There are many orders we take in life that we do not necessarily agree with. In fact, just in a given day in office, we surrender space, compromise honesty, lie barefacedly and let down colleagues and the so-called value system we believe we have. All this done to get through the day and save our mangy little skins. Sycophantic yes men and women nodding like celluloid dolls because freedom and rights are very fine but the boss is in a bad mood so better buckle the knee and bow the head, don’t want to be on his bad side.
Then we scream blue murder about our rights being infringed upon because we cannot give two minutes to a rhythmic sense of belonging.
People get holier than thou and pound their chests as if they were being consigned to hell and their integrity impugned. It becomes a national issue.

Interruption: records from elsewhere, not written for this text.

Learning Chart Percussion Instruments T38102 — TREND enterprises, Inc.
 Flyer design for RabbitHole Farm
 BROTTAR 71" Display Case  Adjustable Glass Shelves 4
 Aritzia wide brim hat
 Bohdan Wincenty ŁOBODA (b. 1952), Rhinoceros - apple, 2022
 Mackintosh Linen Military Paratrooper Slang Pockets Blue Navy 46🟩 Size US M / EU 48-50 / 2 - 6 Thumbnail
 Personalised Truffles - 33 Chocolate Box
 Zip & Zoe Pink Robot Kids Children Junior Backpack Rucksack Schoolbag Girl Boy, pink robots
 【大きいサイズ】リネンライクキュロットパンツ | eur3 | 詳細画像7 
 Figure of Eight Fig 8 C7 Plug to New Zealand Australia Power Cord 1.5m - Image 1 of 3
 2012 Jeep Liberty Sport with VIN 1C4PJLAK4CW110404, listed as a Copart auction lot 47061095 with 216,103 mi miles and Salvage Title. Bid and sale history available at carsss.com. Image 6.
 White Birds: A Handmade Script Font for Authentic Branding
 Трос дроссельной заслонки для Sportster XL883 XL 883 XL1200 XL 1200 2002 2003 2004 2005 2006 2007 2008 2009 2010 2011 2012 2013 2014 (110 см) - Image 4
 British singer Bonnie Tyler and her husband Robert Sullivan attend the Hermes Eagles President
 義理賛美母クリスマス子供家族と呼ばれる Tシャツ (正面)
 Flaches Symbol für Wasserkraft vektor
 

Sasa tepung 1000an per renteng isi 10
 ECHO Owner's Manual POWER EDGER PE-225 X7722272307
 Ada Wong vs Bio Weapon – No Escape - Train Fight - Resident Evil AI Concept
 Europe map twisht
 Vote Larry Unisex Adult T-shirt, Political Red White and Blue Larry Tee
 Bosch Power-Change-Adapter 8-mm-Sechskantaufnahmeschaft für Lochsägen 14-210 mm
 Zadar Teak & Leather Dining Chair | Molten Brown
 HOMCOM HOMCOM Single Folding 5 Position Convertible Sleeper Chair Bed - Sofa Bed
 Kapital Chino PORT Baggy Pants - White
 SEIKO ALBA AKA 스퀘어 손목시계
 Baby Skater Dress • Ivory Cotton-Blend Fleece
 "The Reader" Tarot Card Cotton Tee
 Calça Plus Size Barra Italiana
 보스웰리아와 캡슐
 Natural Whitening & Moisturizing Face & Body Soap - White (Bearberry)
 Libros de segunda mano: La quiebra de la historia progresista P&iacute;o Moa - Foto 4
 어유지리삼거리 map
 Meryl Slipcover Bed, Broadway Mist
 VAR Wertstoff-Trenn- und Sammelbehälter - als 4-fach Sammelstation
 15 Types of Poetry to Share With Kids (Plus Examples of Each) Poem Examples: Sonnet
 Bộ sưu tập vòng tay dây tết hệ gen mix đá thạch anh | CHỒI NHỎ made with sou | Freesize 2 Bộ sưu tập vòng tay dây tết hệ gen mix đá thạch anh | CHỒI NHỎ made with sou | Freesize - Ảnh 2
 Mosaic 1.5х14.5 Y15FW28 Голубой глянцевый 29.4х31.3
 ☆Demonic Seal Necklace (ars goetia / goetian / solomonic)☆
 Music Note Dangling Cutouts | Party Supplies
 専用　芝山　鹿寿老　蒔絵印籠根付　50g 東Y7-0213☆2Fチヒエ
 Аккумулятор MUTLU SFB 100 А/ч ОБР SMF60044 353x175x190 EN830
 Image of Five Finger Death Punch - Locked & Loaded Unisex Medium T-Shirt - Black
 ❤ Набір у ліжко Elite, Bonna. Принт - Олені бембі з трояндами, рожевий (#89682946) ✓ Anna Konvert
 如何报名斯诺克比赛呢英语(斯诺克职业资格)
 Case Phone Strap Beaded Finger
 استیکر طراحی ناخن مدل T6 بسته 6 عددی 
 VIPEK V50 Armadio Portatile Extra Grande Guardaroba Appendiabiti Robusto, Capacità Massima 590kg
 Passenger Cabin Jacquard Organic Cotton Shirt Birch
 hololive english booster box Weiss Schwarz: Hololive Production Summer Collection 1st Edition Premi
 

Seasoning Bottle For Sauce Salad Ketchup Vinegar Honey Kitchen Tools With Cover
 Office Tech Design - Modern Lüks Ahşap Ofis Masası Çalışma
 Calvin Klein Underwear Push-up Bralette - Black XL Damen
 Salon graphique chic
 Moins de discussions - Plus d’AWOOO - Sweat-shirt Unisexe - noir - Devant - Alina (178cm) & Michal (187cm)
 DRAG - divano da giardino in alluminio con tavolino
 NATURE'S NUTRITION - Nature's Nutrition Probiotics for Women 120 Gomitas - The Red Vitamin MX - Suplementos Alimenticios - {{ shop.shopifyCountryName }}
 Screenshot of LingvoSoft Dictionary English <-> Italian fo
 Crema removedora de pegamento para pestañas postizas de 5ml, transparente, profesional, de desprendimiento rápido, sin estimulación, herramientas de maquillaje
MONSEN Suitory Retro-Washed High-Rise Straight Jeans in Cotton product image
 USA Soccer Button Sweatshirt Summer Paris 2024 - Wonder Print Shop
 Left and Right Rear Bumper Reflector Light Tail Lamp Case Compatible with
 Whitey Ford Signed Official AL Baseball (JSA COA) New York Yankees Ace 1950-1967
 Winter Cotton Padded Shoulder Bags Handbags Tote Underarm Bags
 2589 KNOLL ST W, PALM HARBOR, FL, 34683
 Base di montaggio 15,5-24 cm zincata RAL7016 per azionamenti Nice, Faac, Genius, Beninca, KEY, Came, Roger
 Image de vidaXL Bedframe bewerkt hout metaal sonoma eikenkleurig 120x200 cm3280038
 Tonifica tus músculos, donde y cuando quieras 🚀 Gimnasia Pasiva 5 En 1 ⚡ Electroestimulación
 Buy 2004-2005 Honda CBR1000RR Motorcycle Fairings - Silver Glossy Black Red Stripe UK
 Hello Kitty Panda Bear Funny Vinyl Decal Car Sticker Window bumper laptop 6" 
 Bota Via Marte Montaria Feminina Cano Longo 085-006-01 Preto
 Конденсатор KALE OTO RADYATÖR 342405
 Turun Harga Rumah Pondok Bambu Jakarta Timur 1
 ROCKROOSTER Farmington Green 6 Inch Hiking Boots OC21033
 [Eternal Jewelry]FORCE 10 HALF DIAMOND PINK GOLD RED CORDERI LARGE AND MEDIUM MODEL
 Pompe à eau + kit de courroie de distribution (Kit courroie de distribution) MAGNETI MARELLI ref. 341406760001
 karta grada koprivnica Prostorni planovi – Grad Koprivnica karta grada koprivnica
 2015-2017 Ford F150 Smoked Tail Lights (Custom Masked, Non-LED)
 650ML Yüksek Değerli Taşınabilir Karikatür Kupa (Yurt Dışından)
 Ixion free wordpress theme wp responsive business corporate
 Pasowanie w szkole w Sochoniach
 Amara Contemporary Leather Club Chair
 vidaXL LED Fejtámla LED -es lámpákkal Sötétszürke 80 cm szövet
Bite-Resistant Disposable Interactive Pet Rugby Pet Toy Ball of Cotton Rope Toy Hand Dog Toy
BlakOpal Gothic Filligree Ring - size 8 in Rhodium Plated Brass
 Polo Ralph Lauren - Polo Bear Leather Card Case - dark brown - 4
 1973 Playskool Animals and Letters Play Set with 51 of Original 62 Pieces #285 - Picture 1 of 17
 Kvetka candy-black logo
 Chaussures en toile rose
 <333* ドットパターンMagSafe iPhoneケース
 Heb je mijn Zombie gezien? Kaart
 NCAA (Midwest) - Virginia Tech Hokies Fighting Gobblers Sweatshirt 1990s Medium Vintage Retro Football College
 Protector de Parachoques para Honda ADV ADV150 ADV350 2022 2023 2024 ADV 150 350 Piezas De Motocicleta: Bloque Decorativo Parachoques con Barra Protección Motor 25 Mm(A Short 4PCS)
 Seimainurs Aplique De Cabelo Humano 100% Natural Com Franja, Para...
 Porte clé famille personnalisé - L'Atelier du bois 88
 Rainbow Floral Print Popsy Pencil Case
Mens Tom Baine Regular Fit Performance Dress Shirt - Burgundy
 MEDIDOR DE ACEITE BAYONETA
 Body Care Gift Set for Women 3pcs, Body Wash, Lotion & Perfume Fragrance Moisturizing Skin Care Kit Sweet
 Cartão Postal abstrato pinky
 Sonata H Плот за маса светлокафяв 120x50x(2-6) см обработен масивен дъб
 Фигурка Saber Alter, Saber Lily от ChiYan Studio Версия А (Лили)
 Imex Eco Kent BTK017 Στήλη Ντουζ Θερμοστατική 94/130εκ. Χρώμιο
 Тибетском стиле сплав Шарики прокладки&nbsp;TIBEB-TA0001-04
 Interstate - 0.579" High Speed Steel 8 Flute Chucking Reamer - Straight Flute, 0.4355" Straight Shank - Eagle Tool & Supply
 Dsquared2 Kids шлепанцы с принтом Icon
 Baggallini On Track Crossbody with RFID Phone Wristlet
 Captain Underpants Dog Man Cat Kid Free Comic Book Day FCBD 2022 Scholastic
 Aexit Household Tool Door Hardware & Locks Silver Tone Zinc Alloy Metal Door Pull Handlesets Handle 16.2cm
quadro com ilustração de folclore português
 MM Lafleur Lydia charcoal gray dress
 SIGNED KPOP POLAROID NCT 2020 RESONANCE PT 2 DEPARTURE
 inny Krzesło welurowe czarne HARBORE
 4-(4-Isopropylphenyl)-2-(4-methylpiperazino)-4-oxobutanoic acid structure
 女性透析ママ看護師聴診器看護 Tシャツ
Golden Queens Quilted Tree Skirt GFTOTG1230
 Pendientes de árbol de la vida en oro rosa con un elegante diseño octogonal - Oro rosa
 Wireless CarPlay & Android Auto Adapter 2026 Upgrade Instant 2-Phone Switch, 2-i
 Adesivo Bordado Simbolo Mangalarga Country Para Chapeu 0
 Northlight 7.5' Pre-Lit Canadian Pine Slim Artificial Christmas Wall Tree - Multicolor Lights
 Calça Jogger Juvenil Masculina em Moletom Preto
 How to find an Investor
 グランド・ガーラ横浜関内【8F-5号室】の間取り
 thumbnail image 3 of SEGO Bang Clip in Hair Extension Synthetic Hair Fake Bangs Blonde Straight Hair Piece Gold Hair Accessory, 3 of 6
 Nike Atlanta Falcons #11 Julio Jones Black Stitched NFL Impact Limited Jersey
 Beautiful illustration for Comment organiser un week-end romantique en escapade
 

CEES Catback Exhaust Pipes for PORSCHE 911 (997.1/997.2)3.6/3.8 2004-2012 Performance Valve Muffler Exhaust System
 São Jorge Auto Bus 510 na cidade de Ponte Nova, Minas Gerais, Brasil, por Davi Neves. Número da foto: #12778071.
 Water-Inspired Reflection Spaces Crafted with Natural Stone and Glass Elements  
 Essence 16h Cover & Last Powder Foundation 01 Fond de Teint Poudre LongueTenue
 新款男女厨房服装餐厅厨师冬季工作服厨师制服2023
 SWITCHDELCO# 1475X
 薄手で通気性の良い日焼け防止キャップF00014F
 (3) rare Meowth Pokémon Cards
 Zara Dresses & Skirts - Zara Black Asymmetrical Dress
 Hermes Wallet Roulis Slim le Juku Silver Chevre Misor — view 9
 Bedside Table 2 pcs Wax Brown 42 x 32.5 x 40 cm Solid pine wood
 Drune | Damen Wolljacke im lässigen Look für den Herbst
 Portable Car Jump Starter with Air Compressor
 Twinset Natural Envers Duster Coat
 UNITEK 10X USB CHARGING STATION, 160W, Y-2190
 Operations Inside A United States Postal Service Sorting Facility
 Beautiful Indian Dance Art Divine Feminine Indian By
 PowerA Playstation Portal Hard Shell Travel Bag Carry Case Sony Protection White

I might personally hold the opinion that it isn’t really necessary at cinema halls and does trivialise the anthem. Fine. You might think that it is pointless and even hypocritical. Others may feel even more strongly.
But once it is a fiat and is established as just that then I am not going to enter that cinema hall and insult my anthem.
I will stand.
I see no reason not to because if you object to this ‘imposition’ then find out the address of the Chief Justice’s office and go stand and protest there.
Make your feelings known outside the Supreme Court. Take your chances.
But do not target the anthem. Jana Gana Mana has nothing to do with the controversy and is mutually exclusive from your liking or rejecting the command.
Not to stand or to take it out on the anthem during the rendition is not a badge of valour or significant of some grand gesture of independence. You are not striking a blow for anyone, so get over your over inflated sense of self.
You pay taxes you don’t like. You may have been against the demonetisation process but you are lining up. There is a bundle of laws that make no sense. Like filling up forms at the airport when it is all computerised, but we fill it. Under the Prevention of Seditious Meetings Act, 1911, not more than 20 people can get together. And the Indian Sarais Act, 1887 demands that if you fall ill in a hotel, the owner or management must clear the place of all vegetation to prevent allergy. The Land Acquisition Act, 1894 allows the government to take away your land without giving a reason at any time so go fight that, not be loutish when your National Anthem is on.
It is not as if we haven’t done it before. Indians were made to stand at attention for the Union Jack under police observation and carted off to jail if they moved till 1947 in cinema halls. Ask your grandfather.
We had it on in halls and theatres after the 1965 war for some years then it faded away.
If we can play it for a sport and cry ourselves a river of emotion well, this is just another performance on a screen.
So stand or buy yourself a DVD and sit at home.